Sayang sekali, saat senja tiba dan Nyonya Wycliff, Ibu Nathan berteriak mencarinya membuat Nathan terburu-buru untuk turun dan akhirnya Nathan terjatuh karena ia salah menginjak ranting yang kecil. Nathan mengalami patah tulang tangan kanan, dan selama 1 bulan dia harus menggunakan penyangga.
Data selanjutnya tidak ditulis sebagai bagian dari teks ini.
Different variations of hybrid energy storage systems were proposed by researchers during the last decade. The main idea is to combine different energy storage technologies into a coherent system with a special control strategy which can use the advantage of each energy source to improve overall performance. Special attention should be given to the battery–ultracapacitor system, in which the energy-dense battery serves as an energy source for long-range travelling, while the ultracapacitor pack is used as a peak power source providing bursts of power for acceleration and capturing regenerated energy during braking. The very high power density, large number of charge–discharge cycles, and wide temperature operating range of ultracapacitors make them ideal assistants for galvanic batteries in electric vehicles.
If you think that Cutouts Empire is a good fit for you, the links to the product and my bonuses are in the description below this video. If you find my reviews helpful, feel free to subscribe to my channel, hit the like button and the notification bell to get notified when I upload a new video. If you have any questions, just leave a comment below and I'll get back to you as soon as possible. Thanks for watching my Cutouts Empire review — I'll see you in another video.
Selama itu juga aku harus menjadi pengasuh Nathan di sekolah, saat makan siang aku harus menyuapinya makanan, membawakan bukunya dan yang lainnya.

"Aaaaaarrghh!!" Teriakku saat kakiku tergelincir ketika aku menuruni pohon ini. Tidak biasanya, aku tidak pernah jatuh sebelumnya.
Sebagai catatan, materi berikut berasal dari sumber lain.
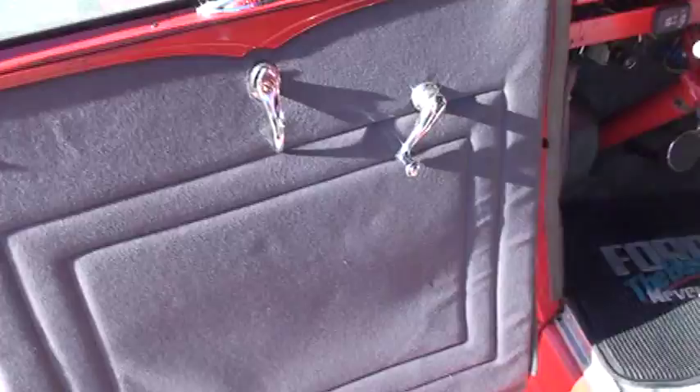It has a fuel gauge that works. The upholstery has been redone, very nice, and it's got nice windows.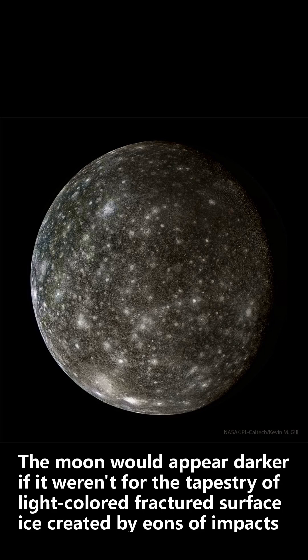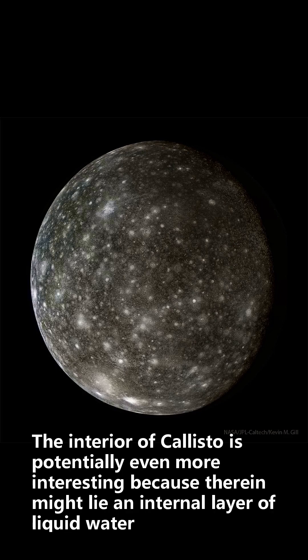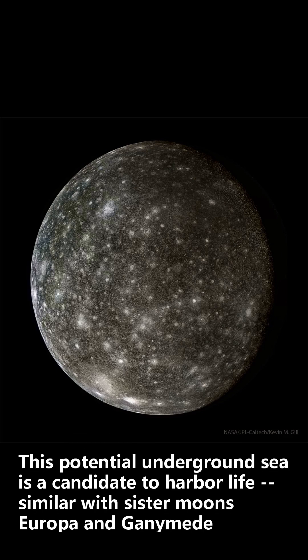The moon would appear darker if it weren't for the tapestry of light-colored fractured surface ice created by eons of impacts. The interior of Callisto is potentially even more interesting, because therein might lie an internal layer of liquid water. This potential underground sea is a candidate to harbor life, similar to sister moons Europa and Ganymede.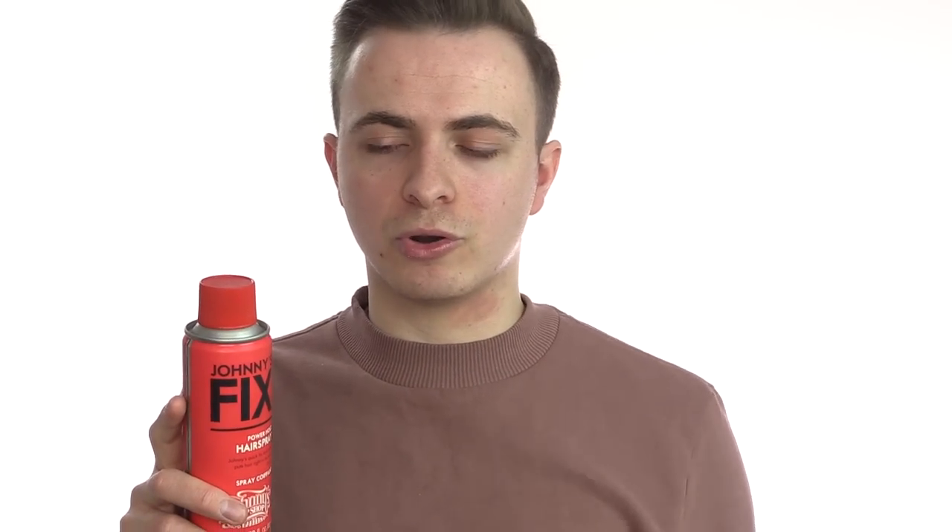Coming in at number five on the list for the best hair products for guys with fine or thinning hair is an absolutely solid hairspray. Even though some of these products have got beastly hold, often if you've got this hair type it's still not enough — your hair may potentially be drooping at lunchtime. My personal favourite, and the one I think is the best for men, is the Johnny's Chop Shop Fix Hairspray. Apply a light coating of this at the start of the day and you'll be sorted until you come home. Unlike some other hair products, it's not going to give your hair loads of shine or make it look greasy, but it still performs fantastically well. For a salon quality product, it's not expensive at all, so I'll leave a link to this and all the products I've mentioned in the description below.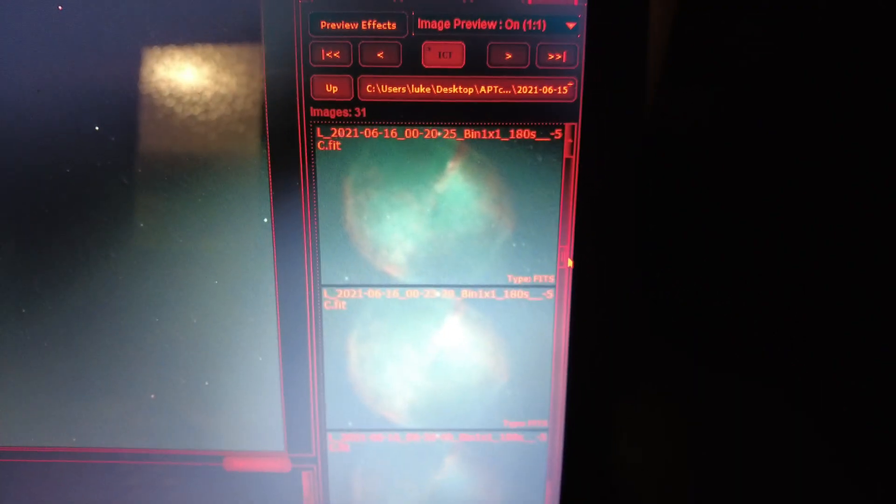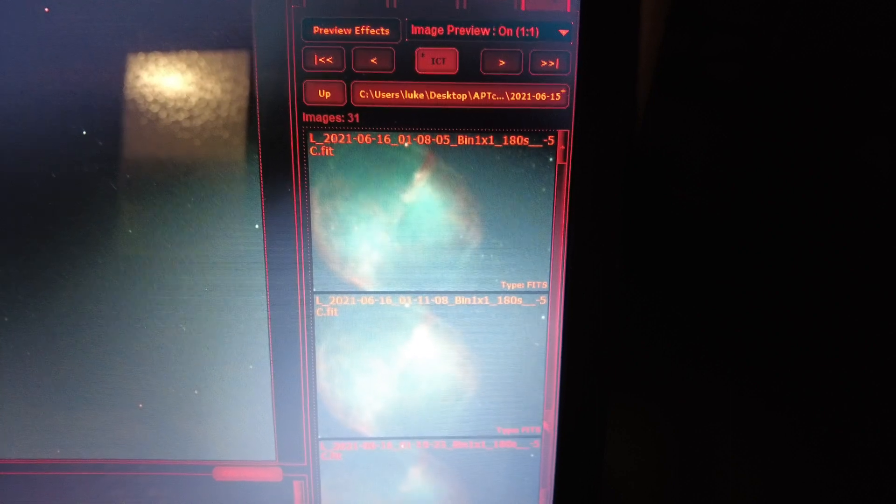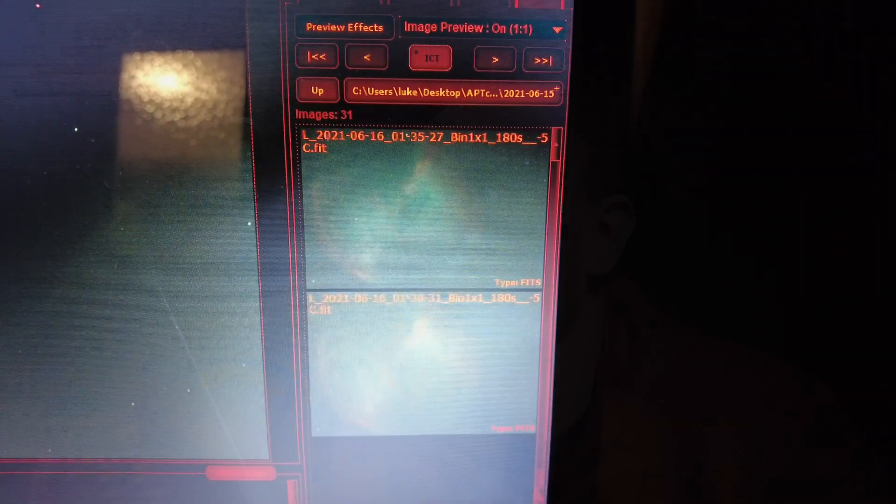It's about half past one in the morning now and unfortunately clouds have come in, which I think is going to draw a premature end to my session tonight. It's no huge deal because dawn would have stopped it anyway within the next half an hour. I did a quick scan through the sub-frames in APT and it looks like there's potentially still just over an hour's worth of good exposures, so that should be able to be processed into something decent — it's such a bright target.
Aku terjatuh, semua benda di sekitarku bergerak dengan sangat cepat, spontan aku memejamkan mataku, tapi rasanya aneh saat aku mendarat. Tanahnya tidak terasa keras. Aku malah merasa hangat dan sangat nyaman sekali.

"Errgh." Suara lain mengerang tepat di atas kepalaku, saat aku mulai sadar aku mendongak dan Nathan sedang meringis kesakitan. Astaga! Rupanya rasa nyaman dan hangat itu berasal dari tubuhnya, dan aku terjatuh menindih Nathan.
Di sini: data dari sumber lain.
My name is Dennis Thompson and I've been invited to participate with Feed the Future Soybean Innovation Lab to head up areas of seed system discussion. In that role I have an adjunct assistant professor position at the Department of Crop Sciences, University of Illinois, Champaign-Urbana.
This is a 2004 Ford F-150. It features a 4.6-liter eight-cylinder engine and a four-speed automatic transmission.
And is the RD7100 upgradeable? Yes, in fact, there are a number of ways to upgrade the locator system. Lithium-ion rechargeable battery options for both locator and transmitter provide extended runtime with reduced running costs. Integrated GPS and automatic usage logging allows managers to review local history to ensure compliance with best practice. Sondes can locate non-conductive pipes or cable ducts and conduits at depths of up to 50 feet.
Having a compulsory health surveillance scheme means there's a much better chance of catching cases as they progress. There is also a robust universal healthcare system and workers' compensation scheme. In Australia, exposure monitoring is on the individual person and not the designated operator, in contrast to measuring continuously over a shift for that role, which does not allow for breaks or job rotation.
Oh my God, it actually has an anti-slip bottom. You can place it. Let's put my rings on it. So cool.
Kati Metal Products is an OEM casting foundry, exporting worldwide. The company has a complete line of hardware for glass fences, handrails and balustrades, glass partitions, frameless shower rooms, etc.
"Oh Nat, aku.. Aku, apa kau-" ucapanku terpotong saat Nathan mendekap tubuh dan kepalaku, sekarang aku berbaring diatas tubuhnya. Aku bisa mendengar detak jantung Nathan yang tak beraturan dan nafasnya yang terengah-engah.

"Apa kau baik-baik saja?" Bisiknya. Dia memang sangat bodoh, mengkhawatirkan orang lain dan melupakan dirinya sendiri.

"Nathan, aku baik-baik saja," balasku, aku ingin mendongak tapi dia menahan kepalaku dengan erat. "Apa kau terluka?" Tanyaku khawatir. Aku sungguh khawatir dia akan terluka karena pertandingannya besok. Apalagi saat mendengar irama jantungnya yang berdegup sangat keras, kurasa dia sangat tidak baik-baik saja sekarang.

"Ergh." Dia mengerang, kali ini dia menggeser tubuhku kesamping, dengan kepalaku masih bersandar di lengannya. "Aku rasa punggungku patah" Katanyas sembari meringis.

"Benarkah, oh Ya Tuhan, kita harus membawamu ke rumah sakit sekarang" Aku bangkit karena sangat panik, namun Nathan malah menatapku dengan senyum mengembang di wajahnya. Dia berbohong!! Dia hanya pura-pura kesakitan.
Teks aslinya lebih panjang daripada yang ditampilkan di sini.